The above scatter plot shows the relationship between pickoff and dropoff locations

4. **Histogram of passenger count**

In [31]:
# Define passenger count column name
passenger_count_column = 'passenger_count'

hist, edges = np.histogram(data[passenger_count_column], bins=range(1, 9), density=False)
source = ColumnDataSource(data=dict(top=hist, bottom=[0]*len(hist), left=edges[:-1], right=edges[1:]))

p = figure(title='Passenger Count Histogram', x_axis_label='Passenger Count', y_axis_label='Frequency')
p.quad(top='top', bottom='bottom', left='left', right='right', source=source, fill_color='orange')

show(p)

The histogram plot above shows the distribution of passengers count in the dataset.

5. **Bar chart of trip distance by rate code**

In [32]:
# Filter out any rows with missing or zero values for trip distance or rate code
data = data[(data['trip_distance'] > 0) & (data['RatecodeID'].notnull())]

# Group the data by rate code and calculate the average trip distance for each rate code
grouped_data = data.groupby('RatecodeID').agg({'trip_distance': 'mean'}).reset_index()

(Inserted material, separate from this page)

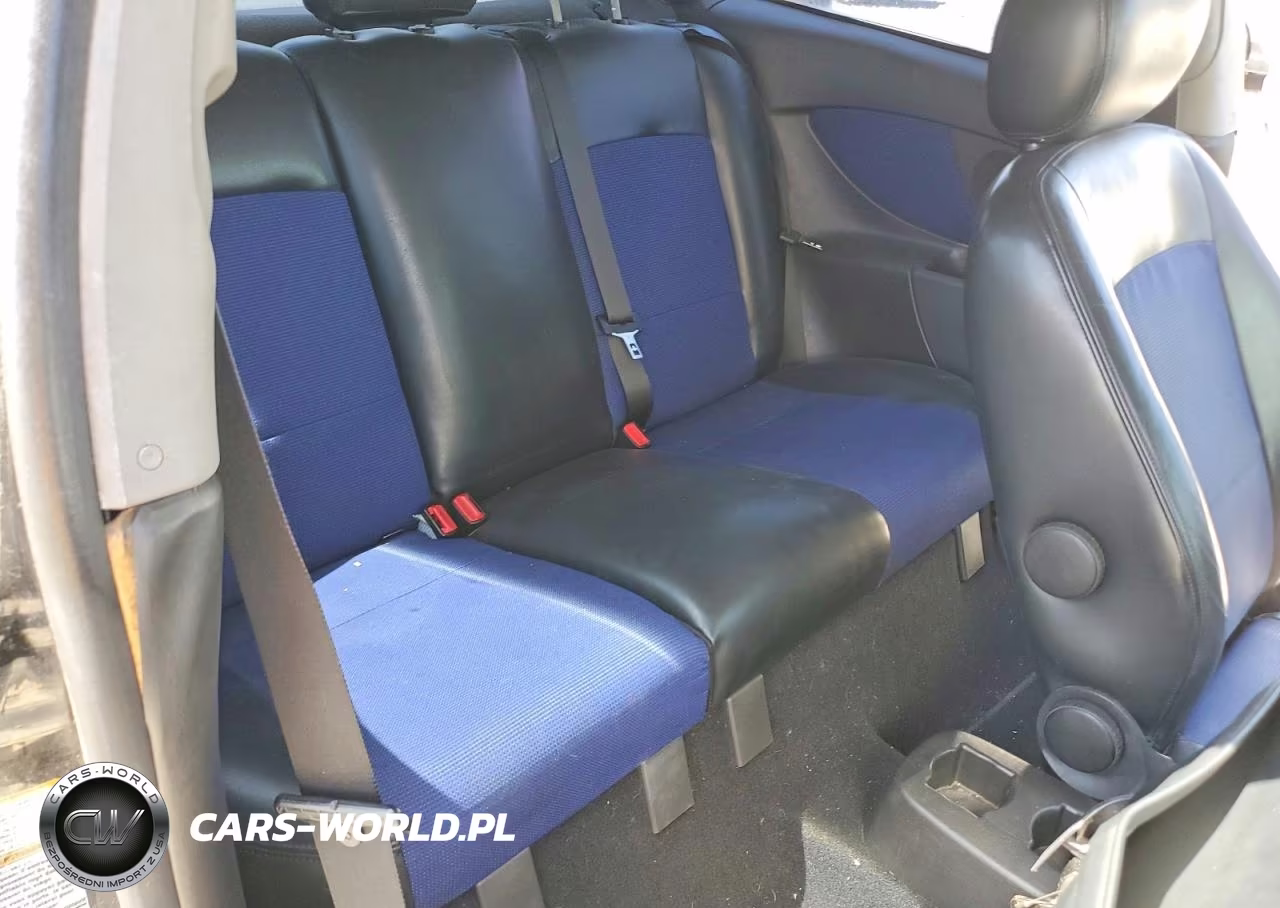 2004 Ford Focus Zx3 Svt VIN:3FAHP39594R106778 - 10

# Create a ColumnDataSource object from the grouped data
source = ColumnDataSource(grouped_data)

# Create a figure object and set the x and y axis labels
p = figure(x_range=grouped_data['RatecodeID'].astype(str), 
           title='Average Trip Distance by Rate Code', 
           x_axis_label='Rate Code', 
           y_axis_label='Average Trip Distance')

# Create the bar chart
p.vbar(x='RatecodeID', top='trip_distance', source=source, width=0.5)

# Show the chart
output_notebook()
show(p)

The bar chart shows the average trip distance for each rate code in the dataset.